Net neutrality ruling protects individuals from companies

On the 26th of February the Federal Communication Commission (FCC) voted 3-2 to keep the internet free and open. This in and of itself is good news for the everyday internet user. It keeps the internet classified as a utility; allowing all users to receive the same amount of access. The ruling makes it so that internet providers cannot slow down the speed of one site because they do not share the same ideals that it expresses.

Net neutrality keeps the internet a level playing field for all users. With the success of net neutrality, smaller startup businesses are able to compete with the bigger companies and prevail. The movement to keep net neutrality alive is supported both by the big companies like Google, Facebook and Amazon, and the individual people who believe that it should stay the same.

The ruling is not unanimously accepted. The FCC is preparing for an onslaught of lawsuits from the providers like Comcast, Time Warner and American Telephone and Telegraph (AT&T) who opposed net neutrality. The providers claim that the amount of megabytes that are provided to each user is a fair and equal amount, and that the new two tiered system will only make the internet usage better.

Last year, the internet service provider AT&T spent $17,460,000 on anti-net neutrality lobbying in Washington D.C.

This is just the tip of the iceberg that is lobbying in D.C.; reaching a total of  $49,049,000 in anti-net neutrality spending by the top four companies against it.  Those companies are in descending order of the amount of money spent are as follows: National Cable & Telecommunication Assn. at $18,890,000, AT&T Inc. at $17,460,000, Verizon Communications at $15,020,000, and Comcast Corp. at $14,680,000.

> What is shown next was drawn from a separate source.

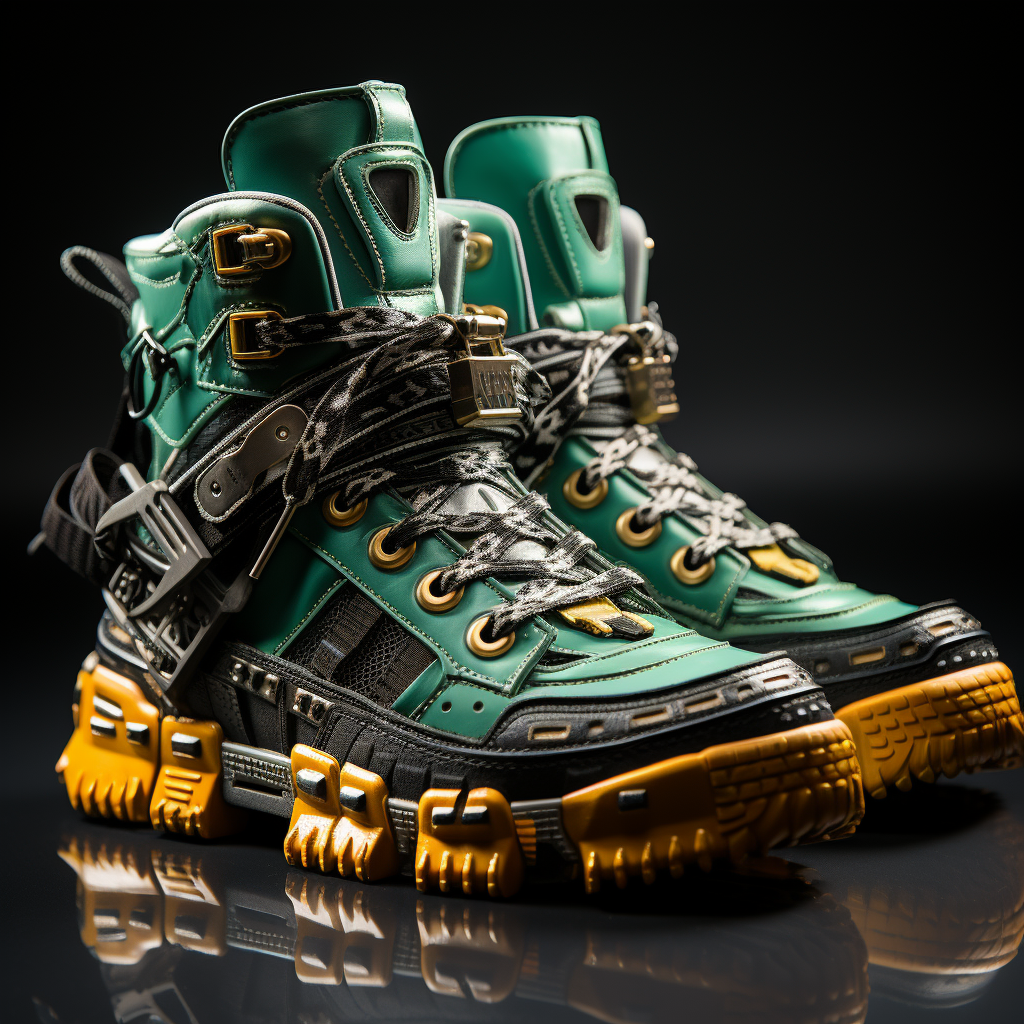 Futuristic Robotic Sneakers in Green and Black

Most of those who oppose net neutrality, mainly made up of big service providers, have said that with the announcement of the ruling that they plan to seek legal recourse. Some say that they will look into more lobbying and lawsuits in hopes of getting their wanted two-tier system.

During the days following the announcement of the internet’s reclassification, the GOP was outspoken about their disagreement with the ruling. Over time, the party has split over the issue; some falling on the side of pro-net neutrality, and others on the side of anti-net neutrality.

The current ruling on net neutrality seems to be here to stay, but not without its fair share of opposition. However, without protected net neutrality, our use of the internet would change drastically; changing our modern-day internet focused life.